[What you are asked to do]:
Would you transcribe the entries below, beginning at the line with "Mount Royal Inn主图" and ending after the line with "Nach einem langen", exactly, with no picture and nothing more?

[Source data]:

-------

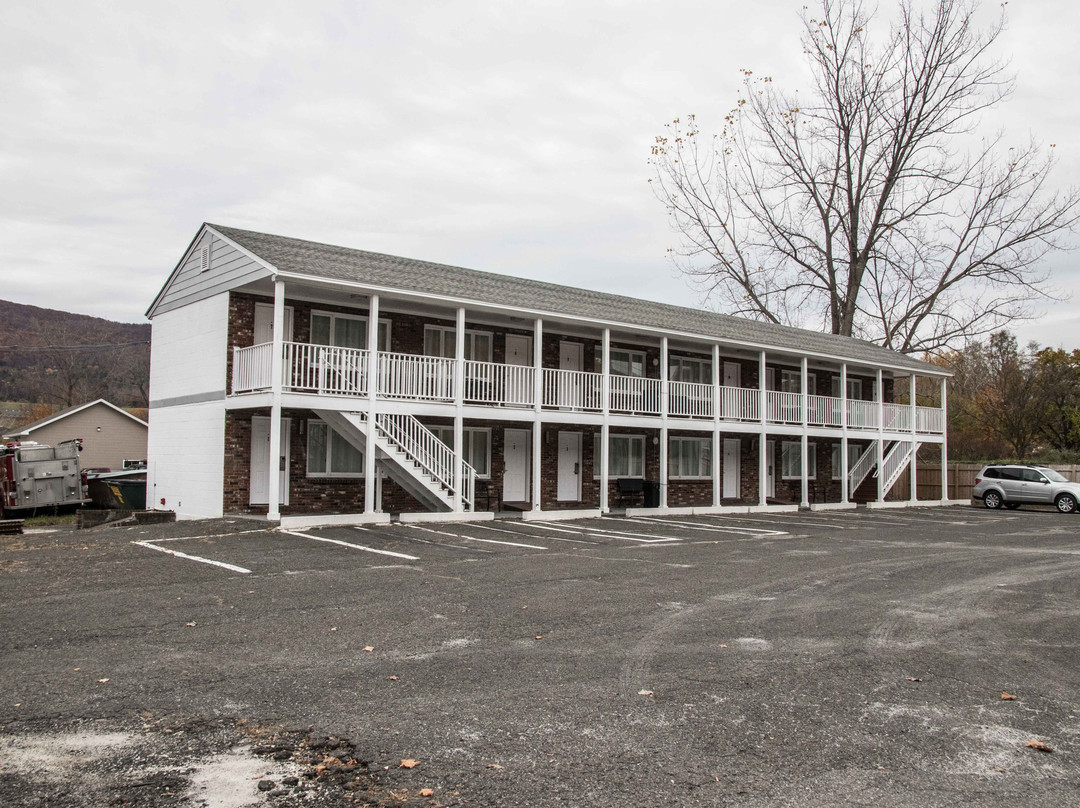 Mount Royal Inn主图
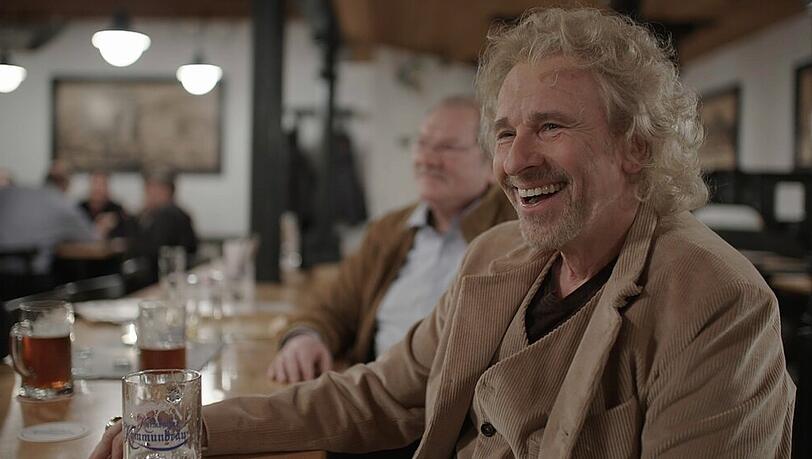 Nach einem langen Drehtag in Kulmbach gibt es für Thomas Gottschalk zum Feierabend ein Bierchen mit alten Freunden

-------

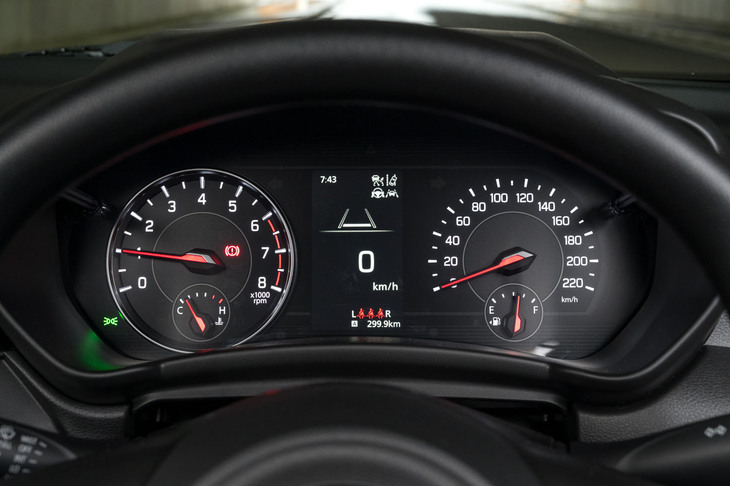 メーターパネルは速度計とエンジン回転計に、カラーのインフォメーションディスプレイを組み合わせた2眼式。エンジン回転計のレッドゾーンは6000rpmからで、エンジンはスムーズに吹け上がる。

-------

[Answer below]:
 Mount Royal Inn主图
 Nach einem langen Drehtag in Kulmbach gibt es für Thomas Gottschalk zum Feierabend ein Bierchen mit alten Freunden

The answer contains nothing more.